S. P. : Bien qu’ils n’aient aucun déficit intellectuel, l’accès à la lecture est compliqué par leur trouble. Les enfants dyslexiques ont des difficultés pour reconnaître les lettres ; pour les enfants dyspraxiques, c’est la motricité fine qui est touchée (leurs yeux ne se positionnent pas correctement sur les lignes) ; quant aux enfants dysphasiques, ils ont des difficultés à comprendre les mots (ils comprendront le mot générique « fleur » mais pas forcément le mot « iris »).
Quelle est la spécificité de votre magazine ?

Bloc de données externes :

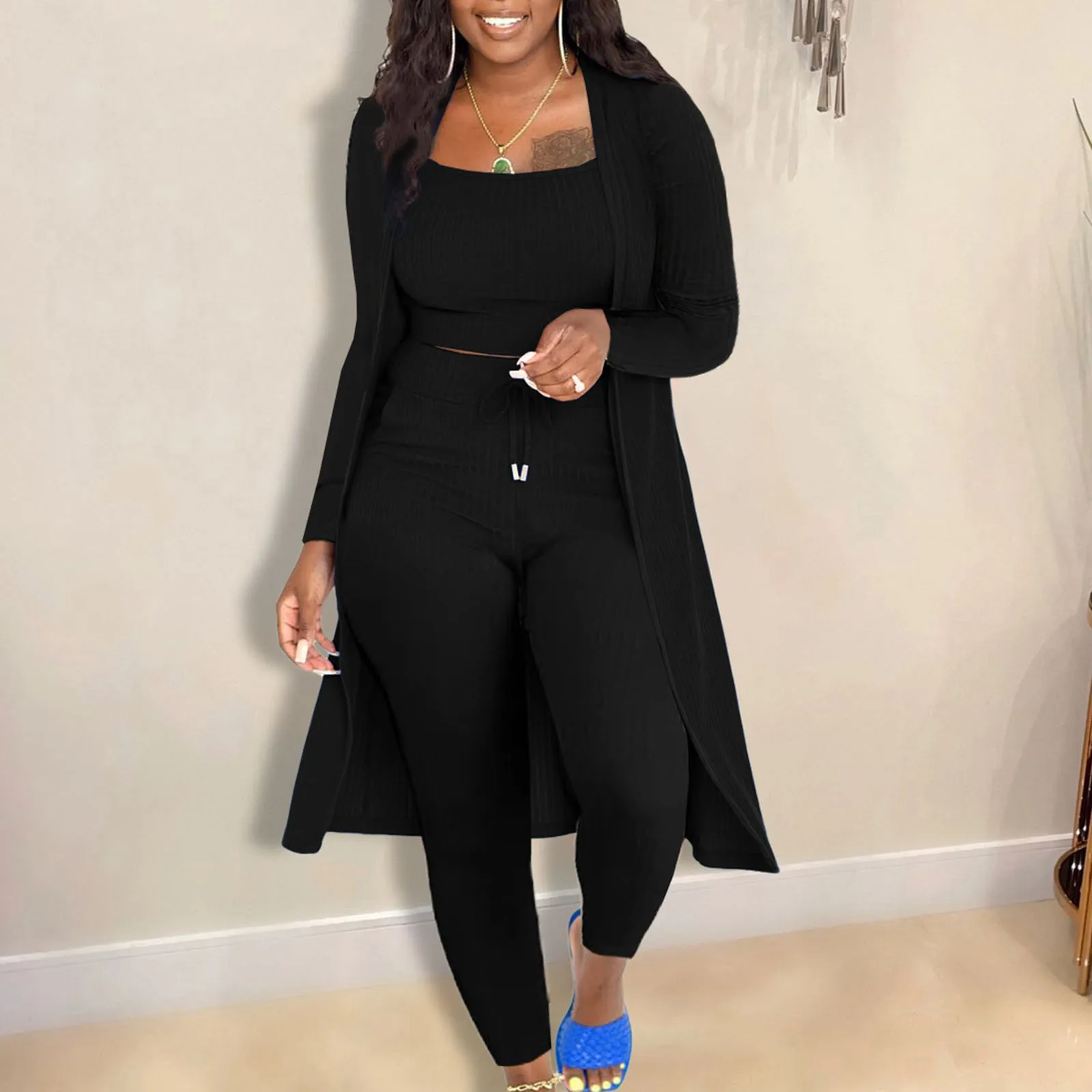 Fall Winter Women Pant Sets Stretchy Lounge Wear Solid Color 3 Piece Pants Set Ladies Ribbed Casual Three Pcs Outfits 4
Fall Winter Women Pant Sets Stretchy Lounge Wear Solid Color 3 Piece Pants Set Ladies Ribbed Casual Three Pcs Outfits 4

S. P. : Tous les 15 jours, les 4 pages du journal abordent un nouveau thème rédigé par une journaliste qui a la particularité d’être maman d’une jeune dysphasique, et donc bien au fait des problèmes et du type de syntaxe et de rédaction nécessaire. La charte graphique a été pilotée par des thérapeutes experts – la maquette est ainsi épurée afin de limiter les « bruits » visuels. Pour les sujets, nous évoquons l’actualité sous un abord ludique et pédagogique : récemment, les youtubeurs, le slam, Les Restos du Cœur, l’astronaute Thomas Pesquet… Et surtout nous en proposons deux versions : l’une spécifique à la dyslexie (convenant également aux dysphasiques) et l’autre à la dyspraxie, avec 2 sous-versions selon les difficultés de lecture des enfants.
Comment adaptez-vous les textes pour les enfants dyslexiques (et dysphasiques) ?
S. P. : La version dyslexique propose une imprégnation syllabique (c’est-à-dire une couleur par syllabe), ce qui facilite le découpage du mot, et la police OpenDyslexic qui évite la confusion entre les lettres miroir (les d, les p, les b, etc.) grâce à un empattement vers le bas qui permet de poser le regard sur la ligne de lecture.
Et pour les enfants dyspraxiques ?
S. P. : Les enfants dyspraxiques ont besoin que l’on guide leurs yeux, ce que nous faisons avec des pastilles de couleur, des caractères et un interlignage plus conséquents, ainsi qu’un espace entre les mots plus grand. Et le tout toujours en noir sur fond blanc, avec un fort contraste.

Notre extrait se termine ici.